Charging for the use of diagnostic equipment may be easier than some bosses realize. Here's one service shop owner's approach on a particular piece of shop gear.
For years, I have argued that tire dealers and service shop owners should charge for using modern test equipment during a diagnosis.
Regardless of how many times I stress the point, owners and managers I meet claim that they cannot afford to do it.
These bosses are locked into the mindset that their labor charges must be something less than — but never equal to — those of the nearest new-car dealerships.
Sadly, they avoid discussing the actual cost of doing business at their particular facilities or the labor fees they should charge to cover that cost.
Remember that your business' ultimate goal is meeting or exceeding customers' expectations. The vast majority of prospects among the motoring public expect that your technicians will fix their cars correctly the first time — period. This is the very minimum they demand from you.
Meeting this expectation requires an accurate diagnosis of a vehicle's problem(s). More and more often, solving these problems requires modern test gear of one kind or another — not to mention competent technicians to operate it.
So, manpower and equipment are legitimate, unavoidable costs of doing business and meeting motorists' expectations.
Oftentimes, the clearest examples are the simplest ones.

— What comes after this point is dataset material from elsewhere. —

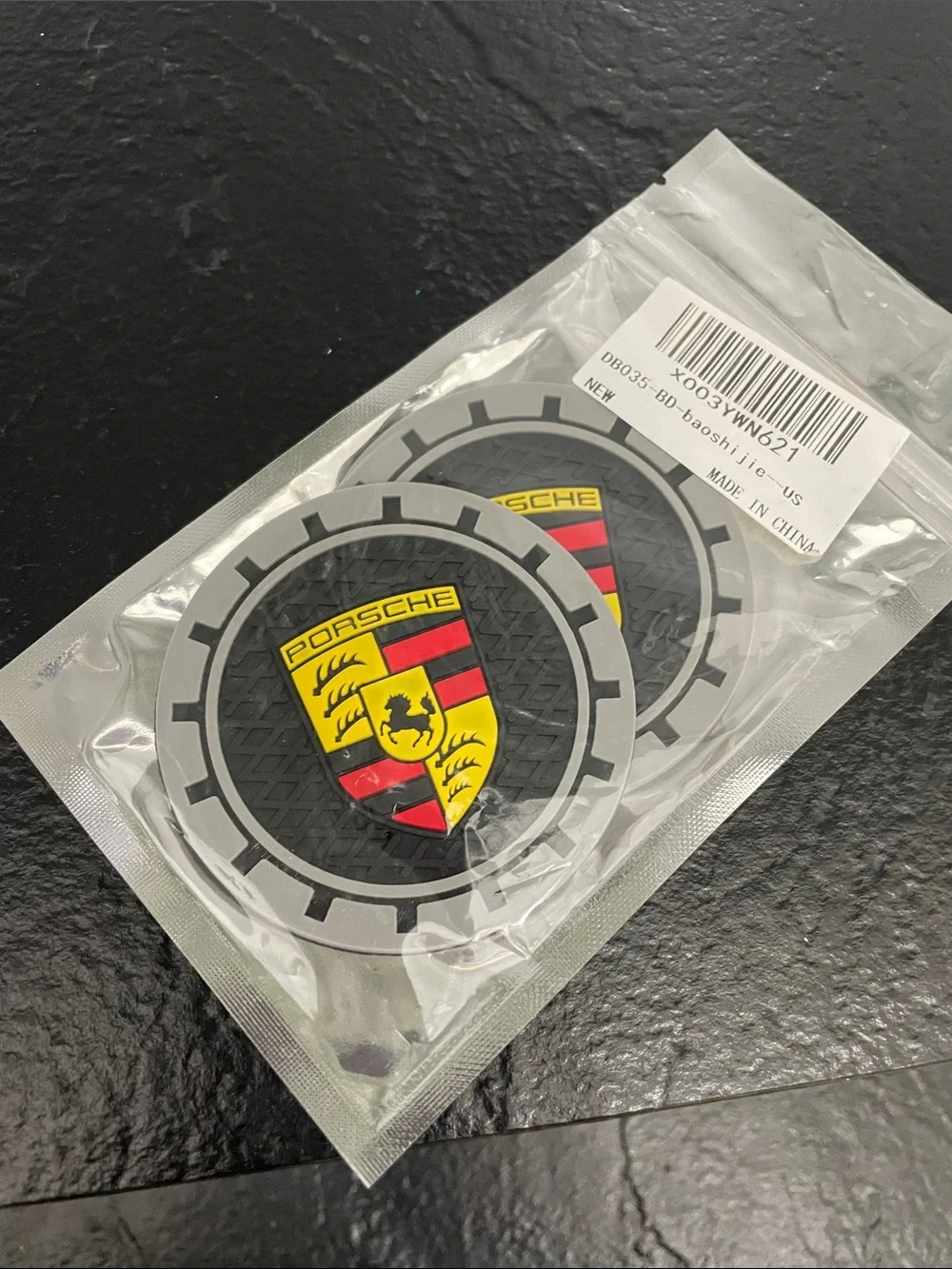 Porsche Crest Rubber Coaster Set in Black, Yellow & Red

My pal Tip's approach to an equipment investment may be just such an example.
Tip is owner/operator of a traditional auto repair shop in the Rust Belt region of the country. This shop, which has been operating for more than 30 years, features modern equipment, epoxy-coated shop floors and central air conditioning.
By the later 1990s, Tip decided to invest in a smoke-generating machine. This device creates smoke with which technicians can pinpoint otherwise-elusive leaks in a variety of automotive components and systems.
After injecting the smoke into the system, the tech scans the work area with an inspection light, watching for telltale trails of smoke caused by a leak.
At that time, some owners and managers teased Tip about spending $1,900 for a smoke-generating machine.
For one thing, they underestimated his overall approach to equipment investments: Maximize the utility of each tester or machine by using it as often as practically possible. After all, practice is the way to learn the true range of a device's capabilities.
Their experiments quickly confirmed that the smoke could reveal a variety of leaks inside the engine's air intake system as well as the exhaust system.
It flagged cracked vacuum hoses and fittings and even located the source of various oil leaks. So, smoke checks became routine procedures at Tip's shop.
Before long, Tip instituted a $20 fee for use of his new smoke generator. In other words, $20 was built into customer's bill every time a tech used the machine. Later, he increased this fee to $25.
Colleagues, competitors and pals all joked about blowing smoke. Meantime, Tip found that the smoke machine was a potent, consistent profit-generator for two reasons.
First, it earned its own fee. Second, it boosted the techs' efficiency at pinpointing a wider range of automotive leaks — including those his competitors could not pinpoint.
Furthermore, no one ever complained about Tip's charge for fixing a vehicle correctly the first time.
Instead, they complimented him and his staff for effective, stress-free repairs. Simply put, blowing smoke helped Tip meet and exceed customers' expectations time and again.
Mind you, Tip's case is just one aspect or element of a much-larger topic: Calculating and covering the cost of doing business.
At the very least, his experience demonstrates how charging for equipment usages makes dollars and sense. Try it, you'll like it.